Rave Reviews For Dennis Wilson's Pacific Ocean Blue Legacy Edition


Dennis Wilson, brother of Brian, recorded Pacific Ocean Blue way back in 1977, the first solo album by any Beach Boy. It is available now in remastered and expanded form (see my post here for more info)

This post generated so much interest that I thought I would give you a selection of out-takes from reviews on the web (check out the sites for more). The PopMatters Review is by far the most exhaustive...

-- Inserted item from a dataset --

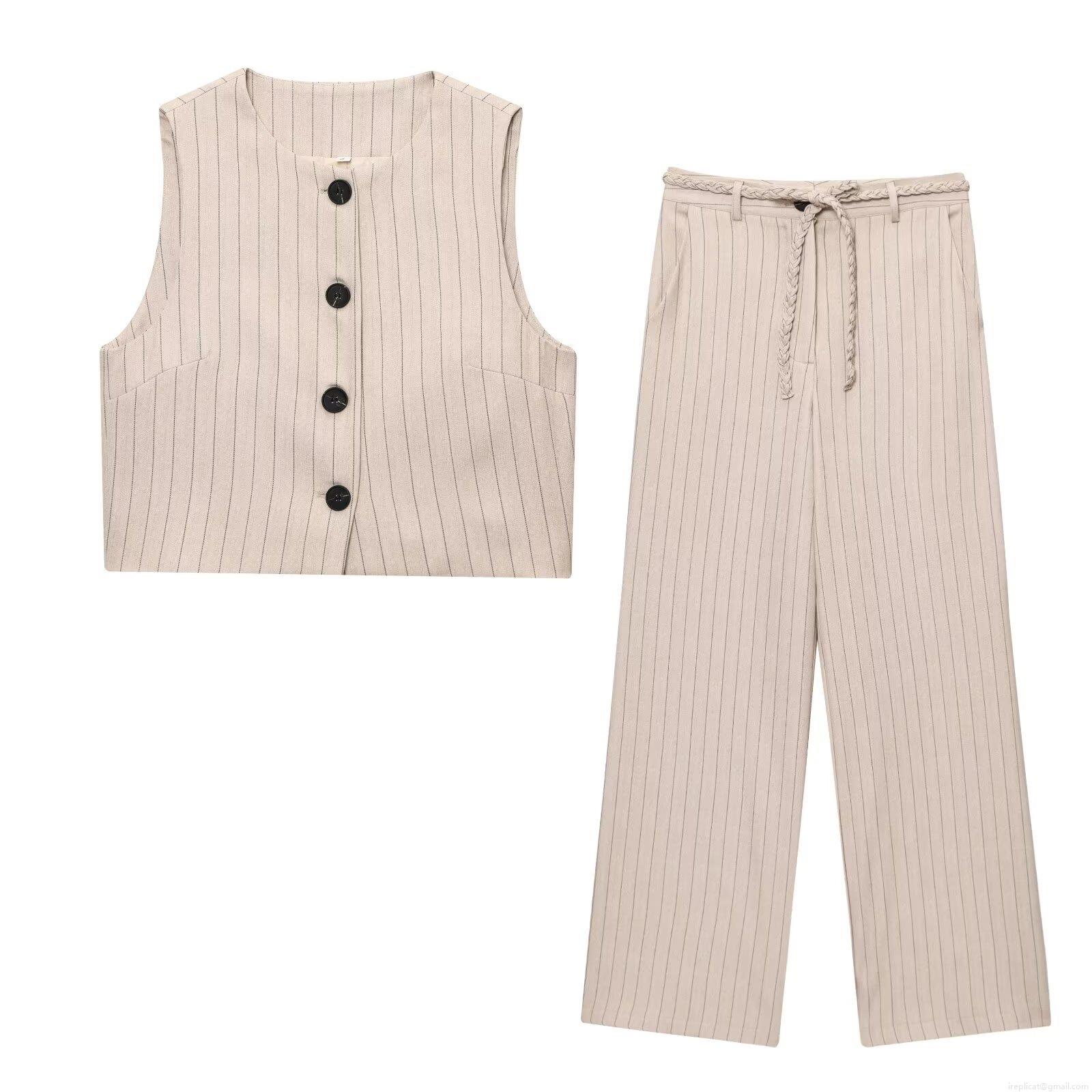 Women's Striped 2 Piece Outfits Sleeveless Button Down Crop Vest Top And High Waisted Wide Leg Pants With Woven Belt Streetwear Casual Summer Set Women's Striped 2 Piece Outfits Sleeveless Button Down Crop Vest Top And High Waisted Wide Leg Pants With Woven Belt Streetwear Casual Summer Set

Dennis was the only Beach Boy who actually surfed, and his near-mythical 1977 album - out of print for more than a decade - is all about a bumpy, haphazard beach life; he drowned in the Pacific six years after it was released. The lyrics have a zen simplicity (“let the wind carry your blues away, that's all I'm trying to say”) that works perfectly against opaque, orchestrated arrangements on Moonshine and the eerie Friday Night. Other highlights include the spiritual River Song and the devastatingly beautiful, piano-led Thoughts of You. The Times Online

Within the Beach Boys, Dennis Wilson seemed to be the friendly foil to his visionary older brother Brian — he was the fun-loving surfer/drummer who loved booze and women. But this solo set proves he was also a soulful songwriter. Released in 1977 and out of print since 1991, Pacific Ocean Blue is a cinematic meditation on loss, both personal and environmental. A trio of wrenchingly intimate songs about a failed relationship anchor the album..... Rolling Stone

Pacific Ocean Blue is the amusement arcade with the paint peeling, the carnie clown's cracked make-up fading as they pack away their act after another late September weekend of half-full applause and bitter tears. The other side of summer. Released in 1977, it was the first ever Beach Boy solo album, and much to the chagrin of Mike Love in particular, it became the sort of artistic success that the group themselves hadn't enjoyed for a long while.

There are also lighter moments, like the bluesy kiss-off number “What’s Wrong” and the ecologically conscious title track. But the most memorable moments are the sad ones, in which Dennis comes up with some unexpectedly soul-bearing lyrics. “I never see the light that people talk about,” he confesses on the opening line in “You and I,” a Latin-tinged number.